Así pues, Jorge estaba decidido a derribar el poder de Augusto y usaba todo
el poder de su labia para lograrlo. Su ojo sabía dónde mirar, su mano qué
describir, su boca cómo decirlo y su cerebro cuándo dispararlo.
Augusto, por su parte, se lo tomaba con calma, era un frío calculador y sus
computaciones ya habían ideado la estrategia para deshacer el poder de
Jorge, y junto con él al de todos los jóvenes.
Las armas de cada uno, astucia contra malevolencia, ya empezaban su
ráfaga descarnada. La del joven era visceral y confrontacional, la del vetusto
era subliminal y de largo alcance. Jorge fue la voz de los 80’ y logró con su
poder que la voz de toda una generación fuera la suya y que pregonara la
caída del despreciable veterano.
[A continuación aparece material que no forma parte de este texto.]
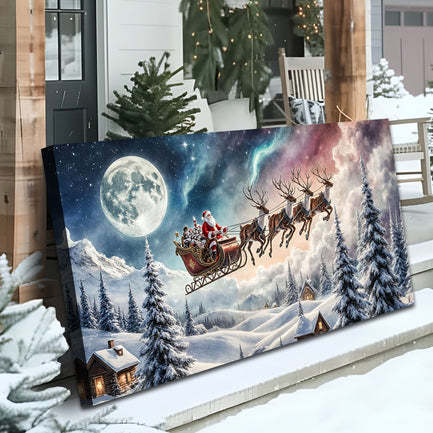 Midnight Sleigh Ride Christmas Wall Art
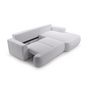 Voir la diapositive 4 : BEST MOBILIER Candela - canapé d'angle droit 4 places - convertible avec coffre - en tissu bouclette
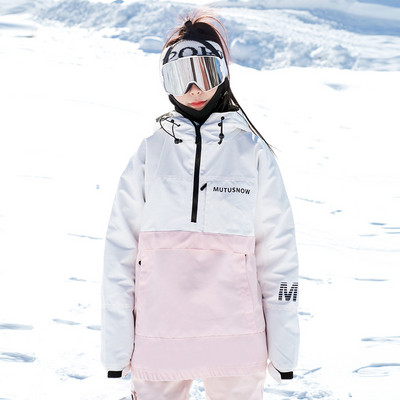 Nepremokavá teplá dámska lyžiarska bunda s kapucňou, snowboardová bunda, pánska športová horská dlhá dámska vrchná bielizeň, vetruodolná pánska tepláková súprava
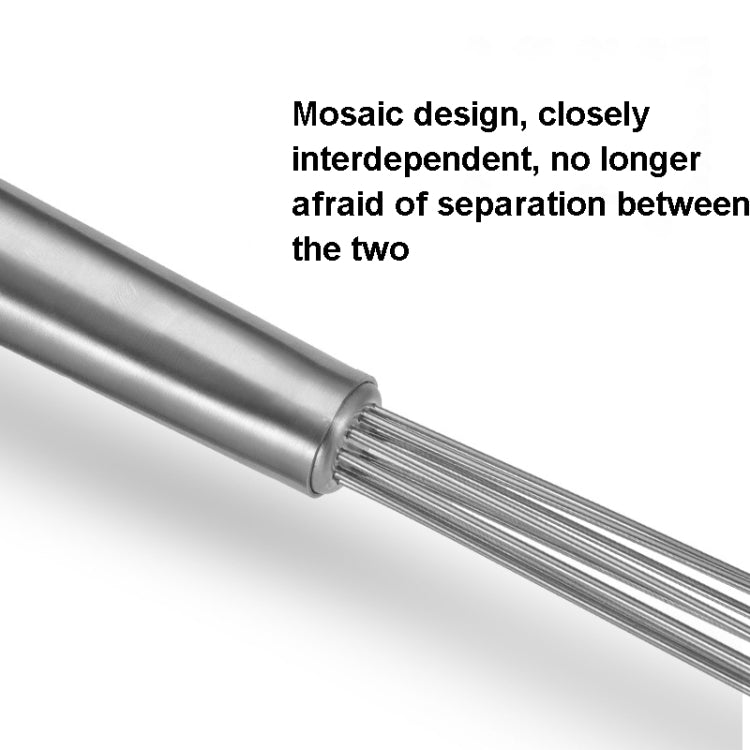 Manual Whisk Stainless Steel Glass Bead Egg Whisk Kitchen Household Hand-Held Baking Tools Type C 10 Inch by bashfashion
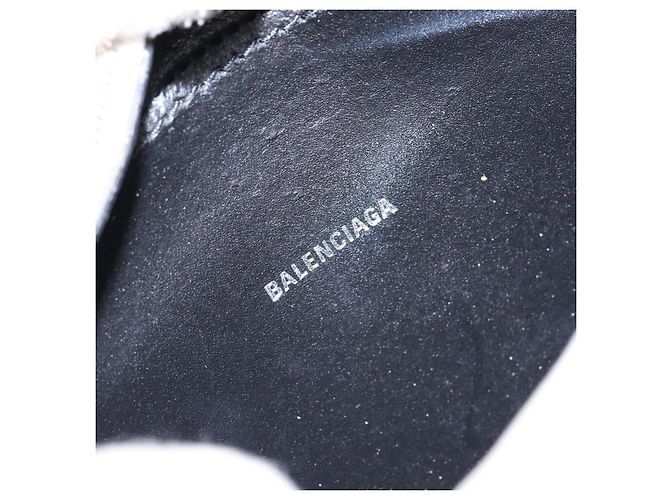 Balenciaga Borsa a Spalla in Pelle Bianca Argento Auth sw1264 Bianco - vista 18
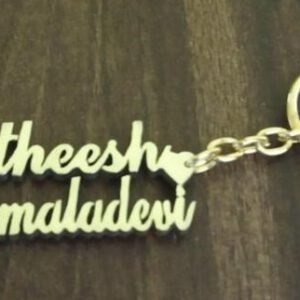 Best Double Name Metal Keychain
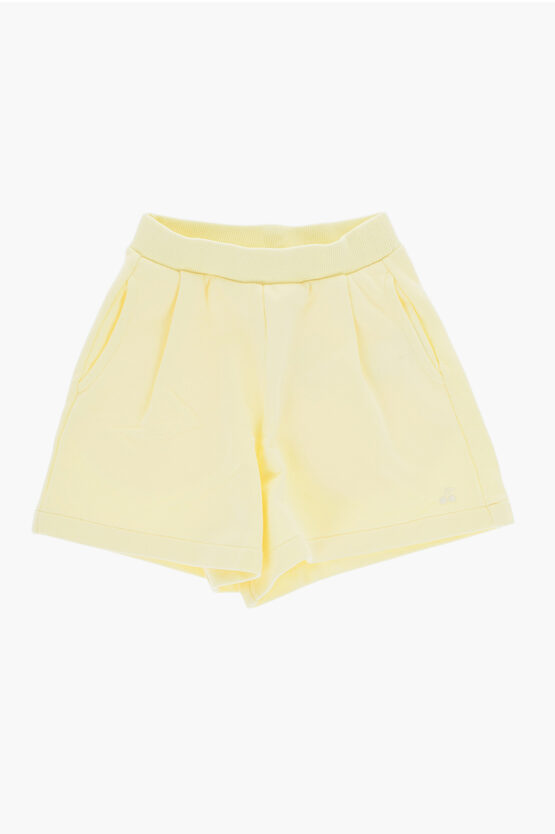 BONPOINT SINGLE-PLEATED BRUSHED COTTON CORNELIA SHORTS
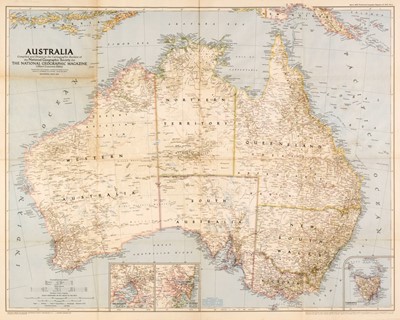 Lot 68 - National Geographic Magazine (publishers). Northern and Southern Hemispheres, 1943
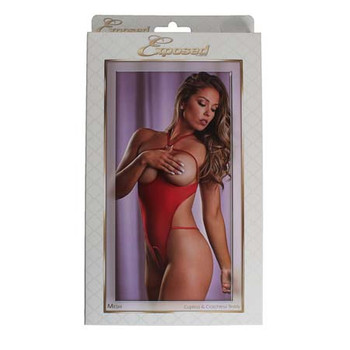 Magic Silk Mesh Cupless & Crotchless Teddy Red Queen Magic Silk Mesh Cupless & Crotchless Teddy Red Queen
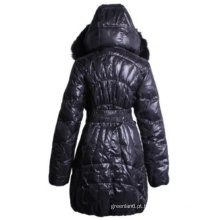 Senhor roupas de inverno Casaco longo da mulher de cor sólida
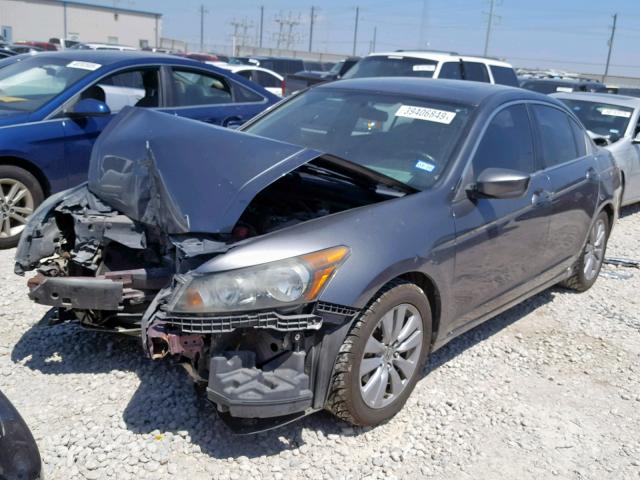 1HGCP2F81BA049918 - 2011 HONDA ACCORD EXL GRAY photo 2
Si bien los ánimos estaban caldeados,
Augusto seguía impertérrito, ya había presionado el botón de su arma de
destrucción masiva, era tan solo cuestión de tiempo para que sus
consecuencias fueran sentidas por Jorge y su humilde existencia.
Augusto siempre supo que la única amenaza para su señorío era la fuerza
rebelde y bullente de la juventud, de modo que a ella dirigió sus dardos.
Habían descubierto un arma bioquímica llamada cocaína, la cuál era capaz
de llegar a lo más recóndito del alma humana, para consumir a los individuos
desde adentro. Sea pues, se dijo Augusto, he ahí el remedio para la voz de
los 80’.
Fue entonces que Jorge conoció a la horma de su zapato: sería su propia
voz interior la que destruiría al clamor de su indignación. La cocaína ya había
comenzado a reptar por los senderos de su sangre para abrirse paso hasta
su alma misma. Y junto con su espíritu, su voz se apagó y calló. El mismo
había augurado su futuro, desde un comienzo estaba destinado a ser un
prisionero de Augusto y su sombra.
Finalmente Jorge cayó, Augusto lo supo y no se inmutó, siguió con su
macabra obra que llamamos su vida. Jorge se sumió en la oscuridad de la
drogadicción y el dinero. Su canto por la rebeldía y la anarquía se extinguió,
y luego de una muerte pasajera, resucitó para cantarle a su nuevo enemigo:
el yo interior.
Ahora fue el turno de que Augusto dejase su podio, y Jorge sí se alegró, vaya
que se alegró. Augusto no sintió ese golpe, era el resto el que tenía que sentir
y resentirse con sus golpes, él era de hierro, como su amiga la Inglesa, así
que no le entraban balas.
Pasaron una década y media, y tanto Jorge como Augusto eran ya estatuas
de bronce. Ambos vieron como la generación de los 80’ y todas las
posteriores caían una a una ante el arma bioquímica de destrucción masiva.
El joven que ahora era viejo sintió un remezón y escalofríos. El viejo que
ahora era una reliquia de colección, esta vez sonrió y se alegró: ésta había
sido su victoria y lucha real, no la pelea infantil con Jorgito, su lucha era contra
el vitalismo y para eso implantó en la sociedad la drogadicción. ¿Qué podía
hacer un músico, o mil, para avivar los corazones y el sentimiento de las
almas, si no quedaba corazón para remecer, si no había alma para luchar?
El espíritu de la nación ya nunca más sería rojo, ahora era pálido al igual
que la cocaína. El corazón se había ido, y con él el germen de la rebeldía.